Efficiency is the track’s through-line, and this lesson is the accounting that makes it concrete: before training, you can compute the cost on paper. Compute is FLOPs, and since a model is mostly matrix multiplies (an m-by-k times k-by-n matmul costs about 2mnk), the whole training run reduces to the 6ND rule: about 6 * N * D FLOPs for N parameters and D tokens. Memory is roughly 16N bytes in fp32 (parameters 4N + gradients 4N + Adam optimizer states 8N), before activations, and is often the binding constraint. Arithmetic intensity (FLOPs per byte moved) decides whether an op is compute-bound (GPU busy, good) or memory-bound (GPU stalled), which motivates most later systems work. And einops names tensor dimensions so the reshaping that dominates model code stays readable. This is the scan version; the lesson works real estimates.

  • FLOPs and matmuls.

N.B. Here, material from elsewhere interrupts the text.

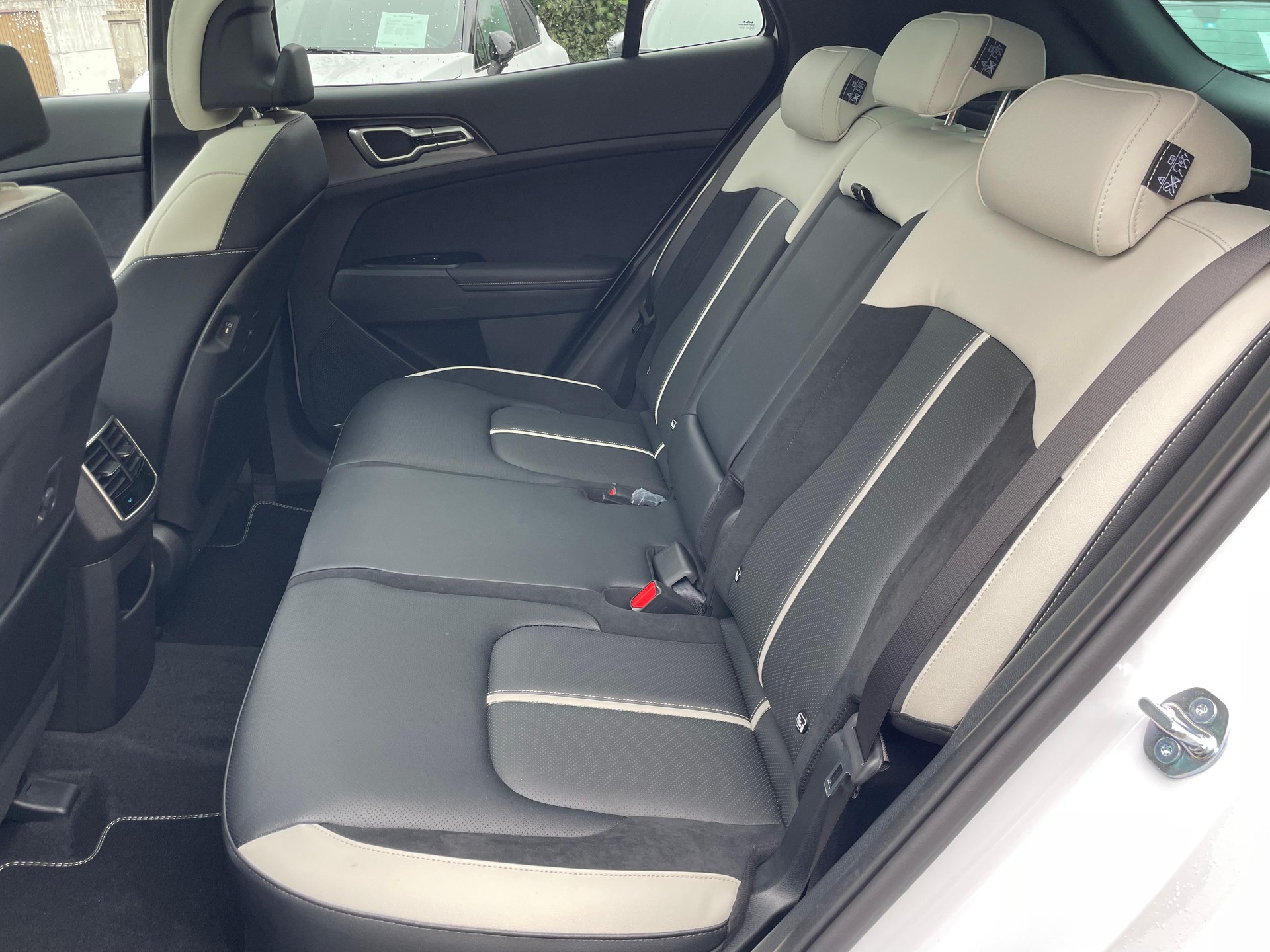 KIA Sportage 1.6 T-GDi Hybrid GT-Line-image-11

Compute is measured in FLOPs; a model is mostly matrix multiplies, and an m-by-k times k-by-n matmul costs about 2 * m * n * k (the 2 is multiply-and-add).
  • The 6ND rule. Training costs about 6 * N * D FLOPs (N parameters, D tokens): ~2N forward per token, ~4N backward. It scopes a training run from two numbers.
  • Memory is ~16N bytes (fp32). Parameters (4N) + gradients (4N) + Adam states (8N), before activations (which scale with batch and sequence length). Optimizer state often dwarfs the model; memory frequently binds before compute.
  • Arithmetic intensity = FLOPs / bytes moved. High = compute-bound (hardware busy); low = memory-bound (hardware idle on memory). Large matmuls are compute-bound; elementwise ops are memory-bound.
  • It explains the peak-FLOPs gap. A GPU runs below peak when ops are memory-bound; fusing small ops and using bigger batches/matmuls raises intensity. This motivates the kernels and parallelism lessons.
  • einops for legibility. rearrange(x, "b s (h d) -> b h s d", h=n_heads) names dimensions, making shape transformations readable and bug-resistant versus raw .view/.permute.

This lesson is the literacy that turns model-building from hope into engineering. With the 6ND rule and the 16N estimate you can answer, before spending compute, the questions that actually decide a project: how long will it train, how many devices will it need, will it fit in memory at all? In the practice you saw a 7B model on 2T tokens come out to ~8.4e22 FLOPs and ~112 GB of optimizer-plus-model memory, enough to know immediately it will not fit on one GPU. The arithmetic-intensity lens then explains why real throughput falls short of a GPU’s spec sheet and motivates nearly every optimization to come. This accounting is the common currency the rest of the track trades in, which is exactly why it precedes the architecture: you choose the design knowing what each choice costs. Next, the architecture itself.

Before you train anything, you can count what it will cost: 6ND for compute, 16N for memory, and arithmetic intensity for whether the hardware will be busy. That accounting underlies every decision in the rest of the track.